YOUR TASK:
The response should repeat word for word every line below from the one with "Restaurant dining interior" to the one with "NWT. Zara Black", inclusive, and nothing else; leave pictures out.

TASK INPUTS:

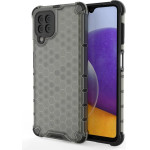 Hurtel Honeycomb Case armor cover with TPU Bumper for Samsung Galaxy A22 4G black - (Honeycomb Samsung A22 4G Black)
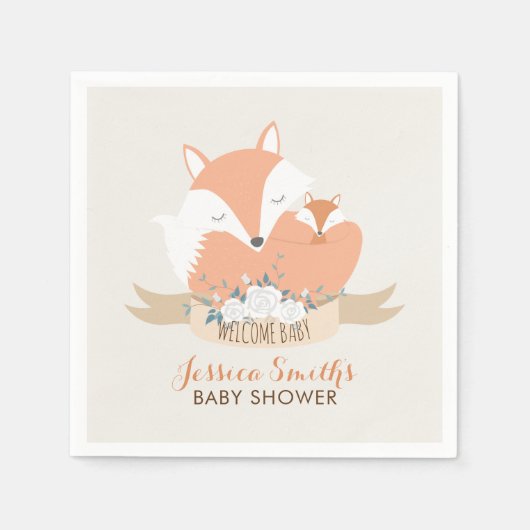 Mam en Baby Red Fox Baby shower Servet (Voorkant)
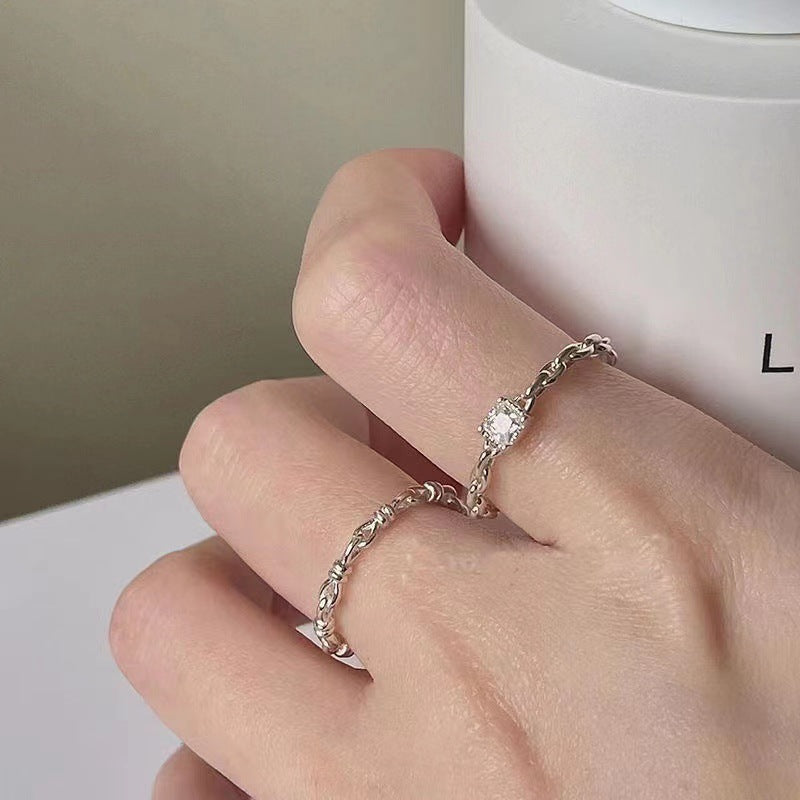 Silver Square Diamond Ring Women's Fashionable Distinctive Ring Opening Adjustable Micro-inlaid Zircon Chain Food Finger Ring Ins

---

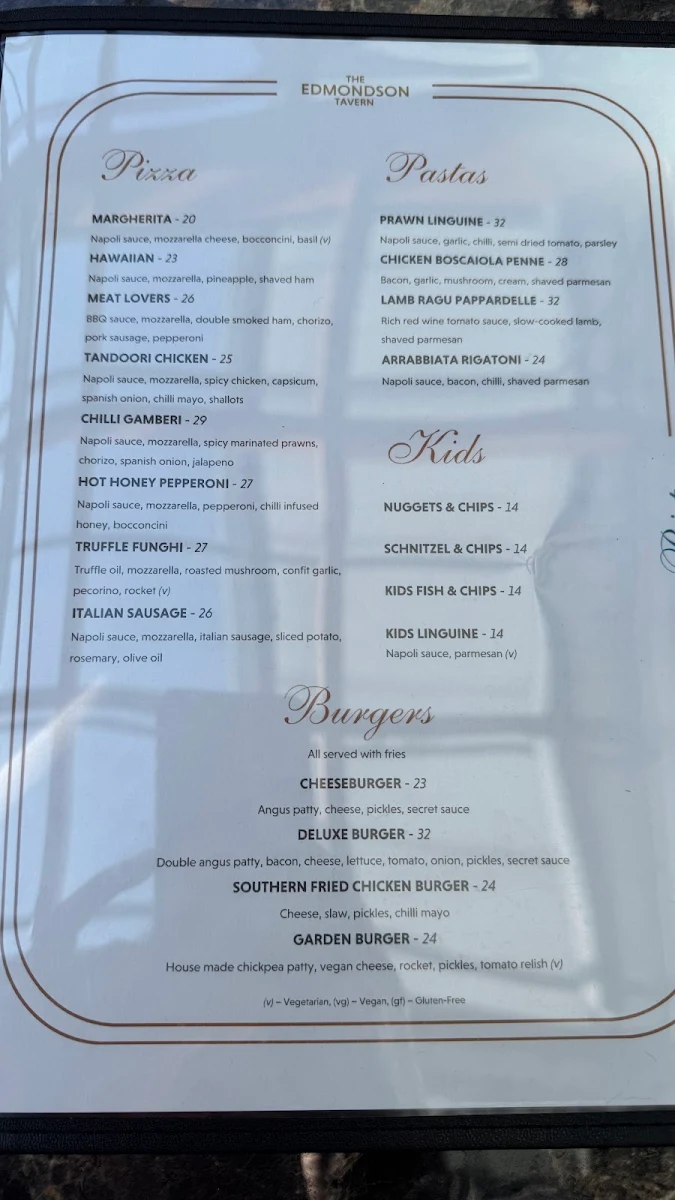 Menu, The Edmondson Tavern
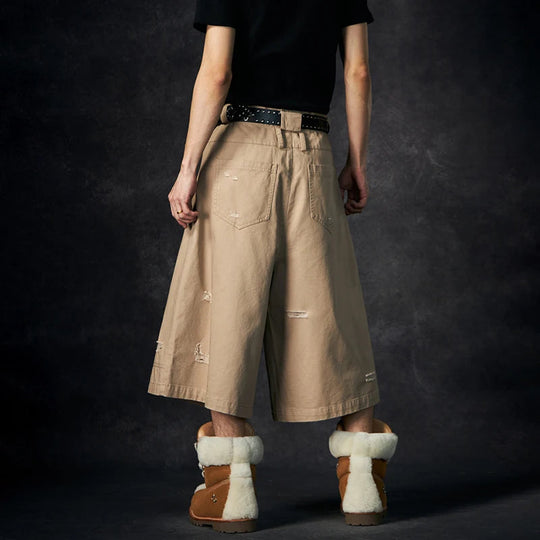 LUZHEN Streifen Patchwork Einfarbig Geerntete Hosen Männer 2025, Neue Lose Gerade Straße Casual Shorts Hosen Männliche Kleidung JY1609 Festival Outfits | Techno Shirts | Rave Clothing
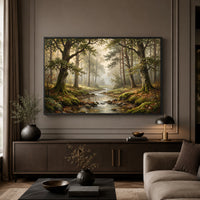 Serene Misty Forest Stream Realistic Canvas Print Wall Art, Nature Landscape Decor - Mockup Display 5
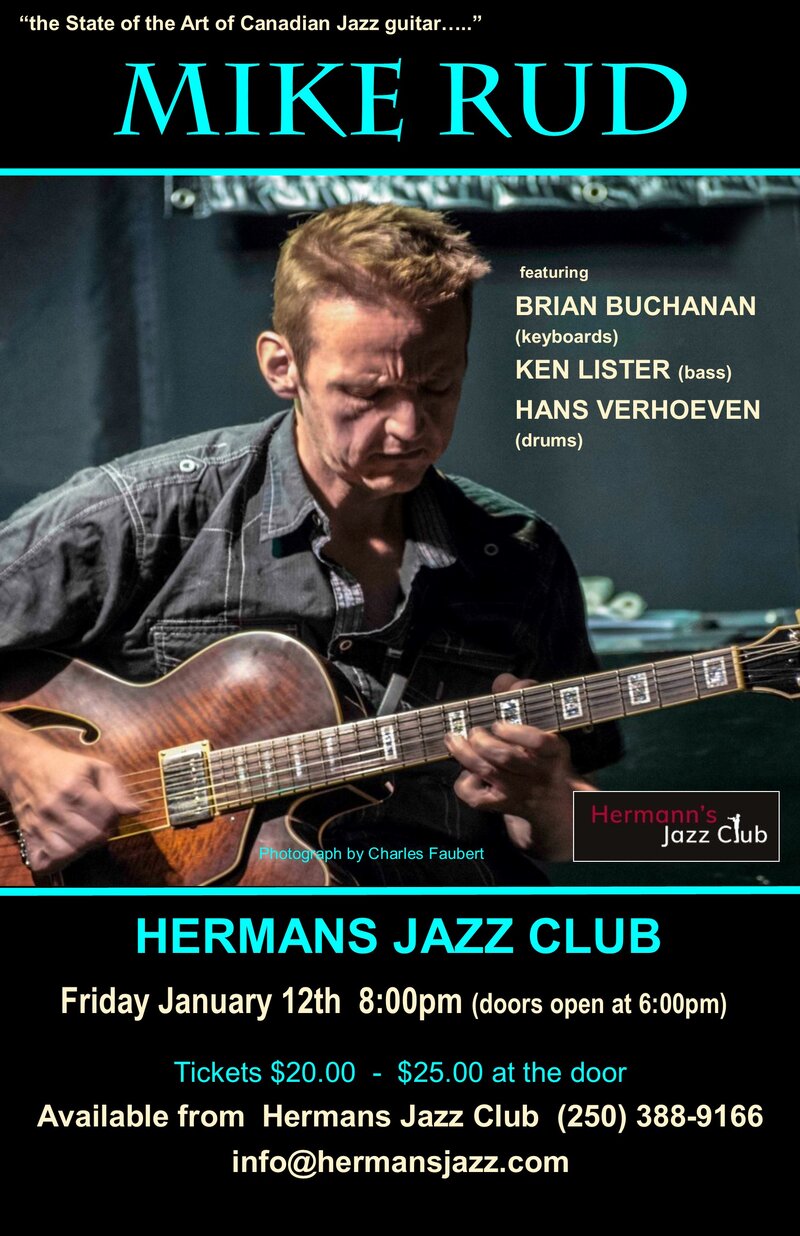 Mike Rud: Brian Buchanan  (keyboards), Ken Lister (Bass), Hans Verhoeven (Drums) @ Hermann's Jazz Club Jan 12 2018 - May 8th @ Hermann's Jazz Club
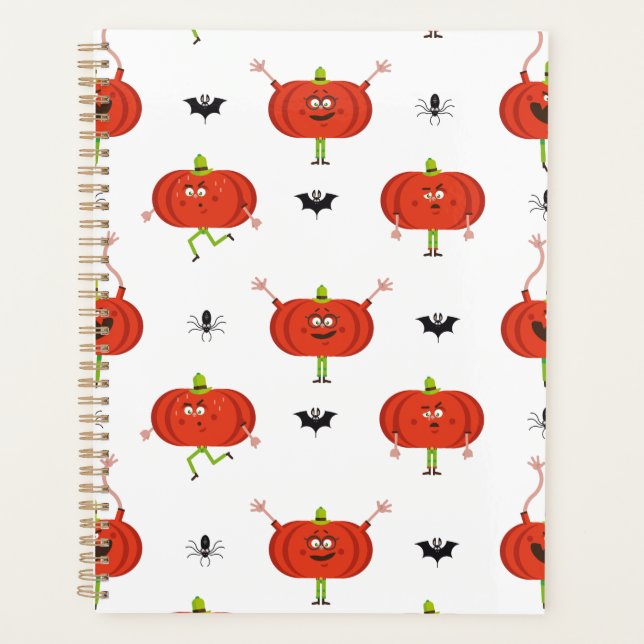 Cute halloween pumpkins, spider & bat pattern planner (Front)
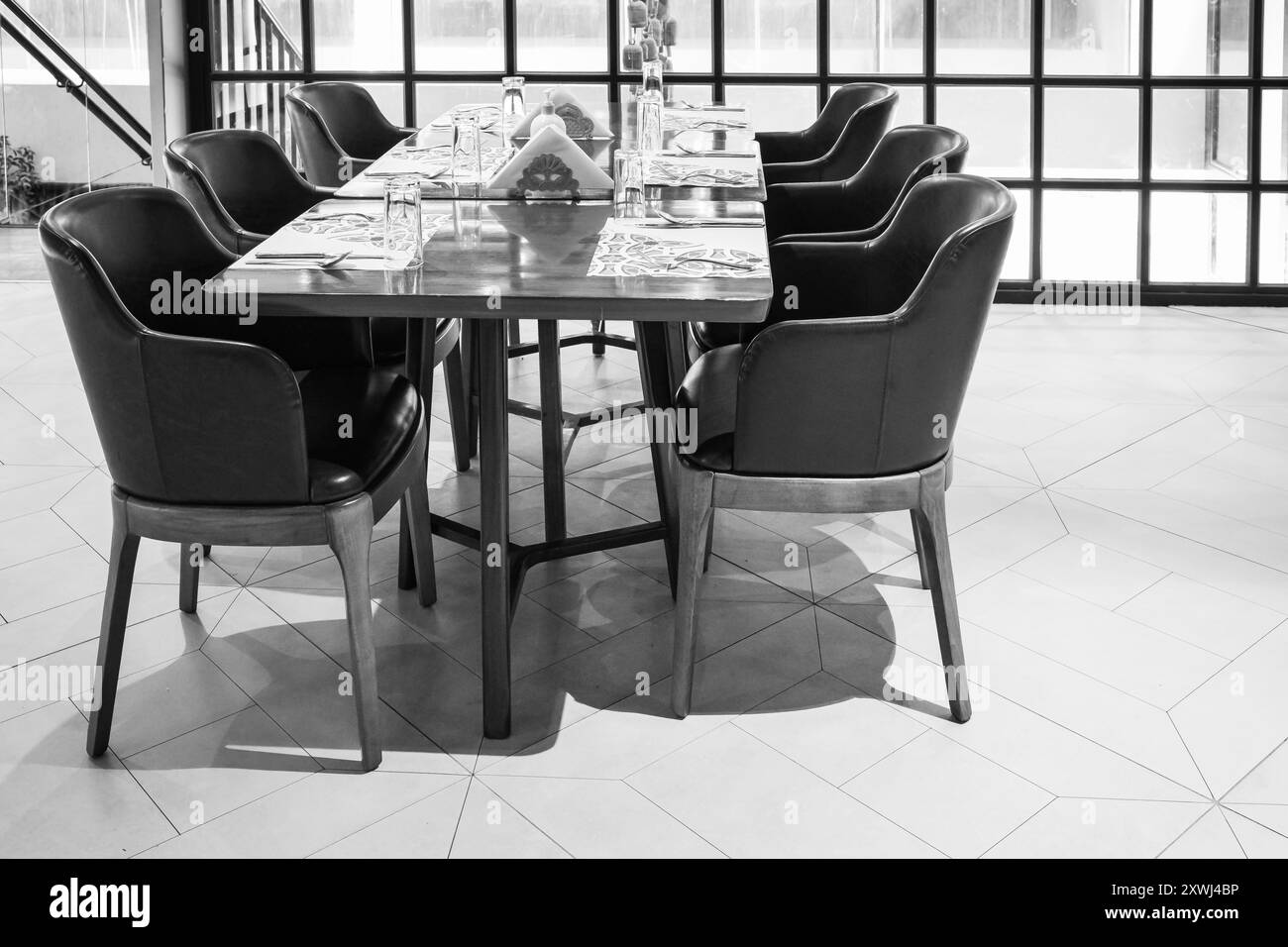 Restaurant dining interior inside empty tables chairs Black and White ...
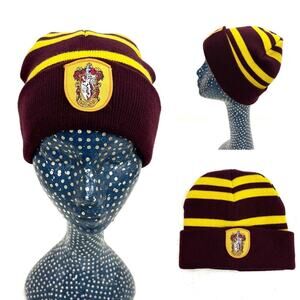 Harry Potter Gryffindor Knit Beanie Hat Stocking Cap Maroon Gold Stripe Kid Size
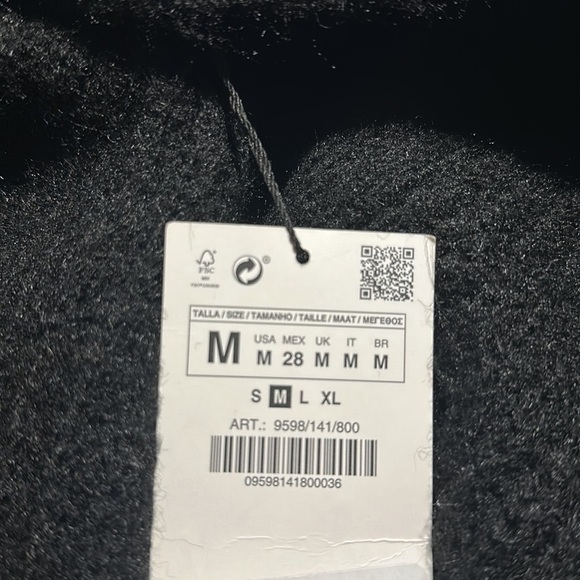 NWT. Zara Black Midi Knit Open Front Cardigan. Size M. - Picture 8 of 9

==

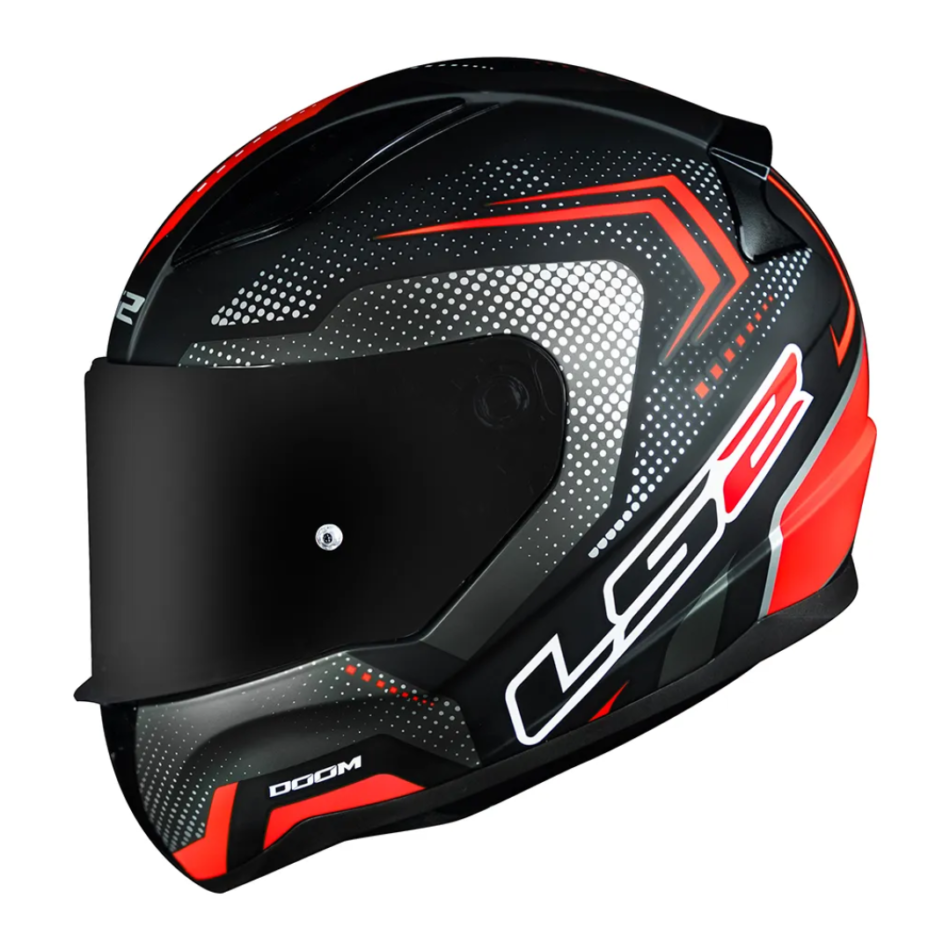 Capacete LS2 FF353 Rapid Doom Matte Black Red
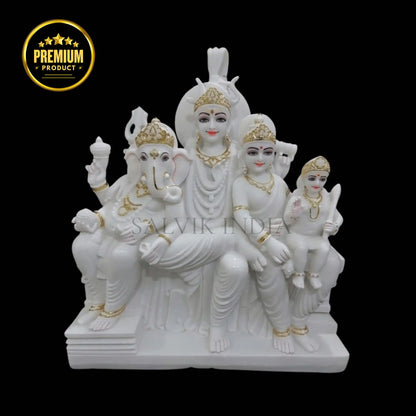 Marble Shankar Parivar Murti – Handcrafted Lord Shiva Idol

TASK RESULT:
 Restaurant dining interior inside empty tables chairs Black and White ...
 Harry Potter Gryffindor Knit Beanie Hat Stocking Cap Maroon Gold Stripe Kid Size
 NWT. Zara Black Midi Knit Open Front Cardigan. Size M. - Picture 8 of 9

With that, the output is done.